Cracked Pots
“But we have this treasure in earthen vessels, to show that the transcendent power belongs to God and not to us” (2 Cor. 4:7).
Here’s what St. Paul is trying to tell us: We’re cracked pots that hold the treasure of God’s divine life within us. (Don’t go looking for “crackpot” in Scripture! I’m saying we’re “cracked pots.”) An earthen vessel is a thin little thing, fragile and imperfect. But that’s St. Paul’s point: He’s trying to make us understand that we are imperfect.
You think, “Well, I’m imperfect so I can’t be holy,” or “God doesn’t love me,” or “He doesn’t live in me.” You have all these excuses tucked away in your heart and your mind. But the apostles struggled, and the saints struggled, and you struggle, and I struggle, and the whole world struggles to be holy. We’re just not going to make it overnight. Rome wasn’t built in a day, and neither will you be.
The Woman at the Well
I want to talk about the woman at the well. Scripture says that “Jesus, wearied as he was with his journey, sat down beside the well” (John 4:6). (Can you imagine God tired? It’s very hard to know that someone would love me so much He wanted to feel like I feel.) “There came a woman of Samaria to draw water” (John 4:7). Now, a Samaritan woman would have been a heretic. And Jesus looked at her and said, “Give me a drink.” And she looks at Him and says, essentially, “What? Why?.” In those days, a Jew would never ask a Samaritan for a drink. There was a tremendous amount of prejudice. And here Jesus broke down prejudice.
You know, you and I can be prejudiced in our own families. You can write off your children as hopeless, or you can write off your husband as an old goat. The most beautiful thing a family can do is to be what God made them to be, including growing old together! Nobody wants to be old today. But part of family life is living and being old (or young) and being not just accepted but loved as you are. See, we’re trying to make the young grow fast, and we’re saying to the old, “You’ve had it.” We have to be family first in our heart, but that starts with being family with Jesus, family with the Trinity.
The Life of the Trinity & Your Neighbor
The Trinity lives in you and me! If only we were alive to the truth that the Father, the Son, and the Spirit live in us just as in a church! When we go into church, we genuflect because we know there is a presence. And that presence is Jesus in the Sacrament, but that presence is also in your neighbor.
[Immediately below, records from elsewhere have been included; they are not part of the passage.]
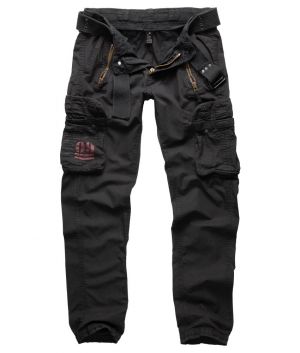 Cargopants "Royalblack"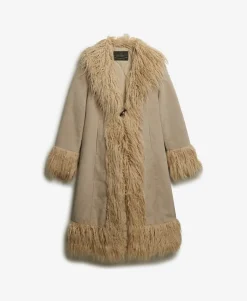Long Afghan Coat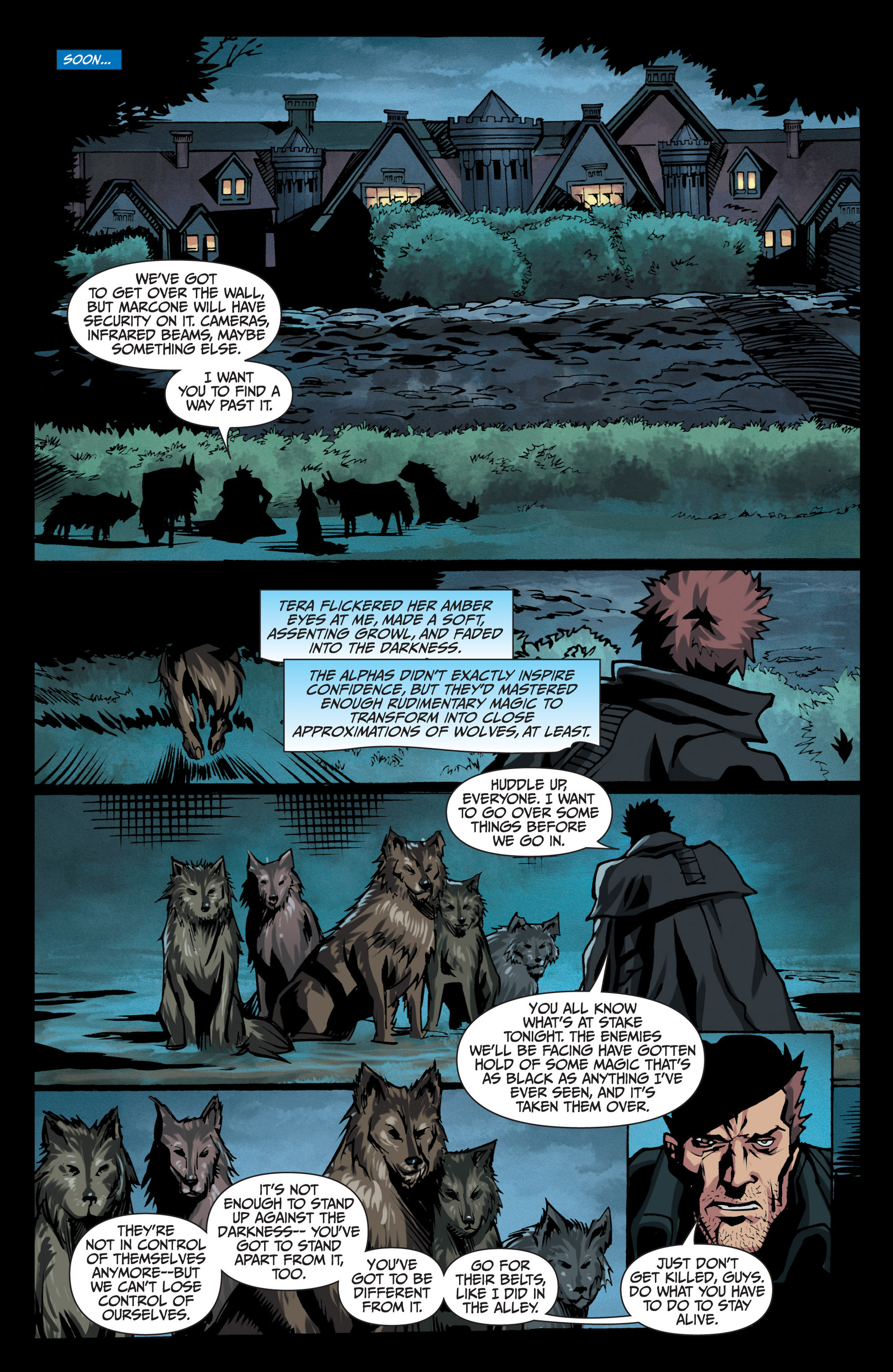 Read online Jim Butcher's The Dresden Files: Fool Moon comic -  Issue #7 - 20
Do you realize what it would be like if you put the holy and the human together? It would be you! Our concept of saints is all-holy, all-divine; and our concept of ourselves and our families is all-human. So we cannot conceive of the saints as being faulty.
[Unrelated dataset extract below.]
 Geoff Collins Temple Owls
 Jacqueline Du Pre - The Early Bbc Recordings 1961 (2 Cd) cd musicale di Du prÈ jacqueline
You can’t read the Scriptures without finding this human nature creeping, almost oozing, out of their pores. Oh, Our Lord must have been aggravated sometime. He was the Master, the Son of God, incarnate in human form to explain the mysteries of the Father to these people. Here is a vast crowd, thousands of people, and here is the in group, the apostles, sitting near the Lord. And everyone’s saying, “Wow, it must be wonderful to be so close to the Master, to know so much!” But the Scripture says that, at night, when everybody had gone home and had digested what the Lord had said, the apostles would go to Him when He was tired and say, “Master, will You explain the parable to us again?” And I can imagine Our Dear Lord looking at them and saying, “I don’t believe this.”
We Can Be Holy, Even in Difficulty
You’ve got to read between the lines and see that Our Lord had to be absolutely and totally frustrated. Sometimes it comes through more clearly, such as when He asked the apostles, “Then are you also without understanding?” (Mark 7:18). He was tired; He was ready to go to bed; He was ready to just lay His head down and forget the crowds, and they come up asking for more explanations!
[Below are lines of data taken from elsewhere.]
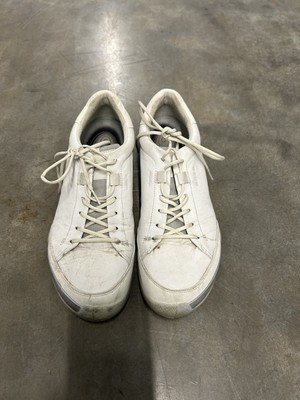 Ecco Biom Hybrid Golf Shoes Size 44 White Leather 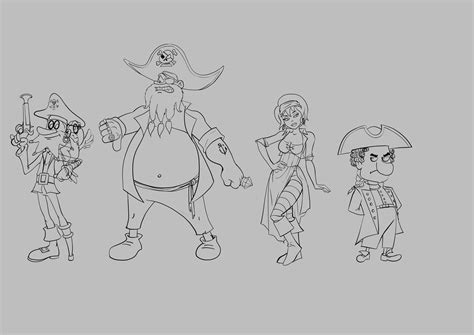 Mi Proyecto Del Curso Diseño De Personajes Retro Para Animación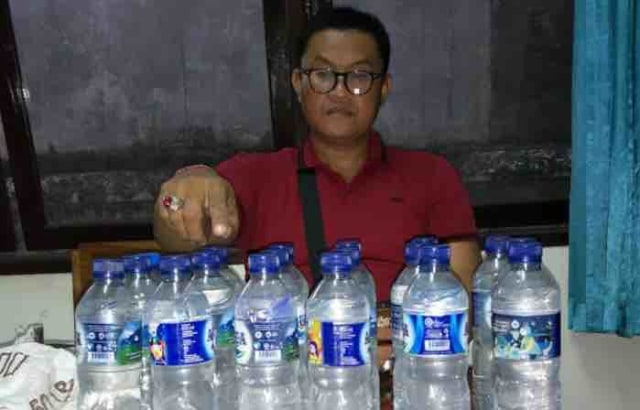 Polisi Gagalkan Penyelundupan Arak dari Bali ke Jawa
I’m not saying that you have to be frustrated, or that it’s not wrong to be frustrated. I’m saying that it’s part of our nature, that we can control it, but that there are many times when we have to understand that frustration will come no matter what — over your job, over your family, over your friendships, over your talents and weaknesses, over the traffic. Jesus came to give us Himself so that we would have the power of God in our hearts, but the difficulties are still there.
But what we end up doing is thinking that because we experience difficulty, holiness must not be for us. But faith is to have one foot on the ground, one foot in the air. It’s more than an intellectual assent to truth: It’s to believe what Jesus says and apply it to our lives. But there’s always that scary feeling of uncertainty.
People ask me, “Well, Mother, how do you know all this stuff you’re doing is God’s will?” I say, “Ask me next year, and then we’ll know whether it was God’s will.” The Lord probably isn’t going to come down and say; “Look now, sweetie, I want you to do this little thing for me.” He gave you a brain, a memory, an intellect, a will. He gave you grace, His presence in you.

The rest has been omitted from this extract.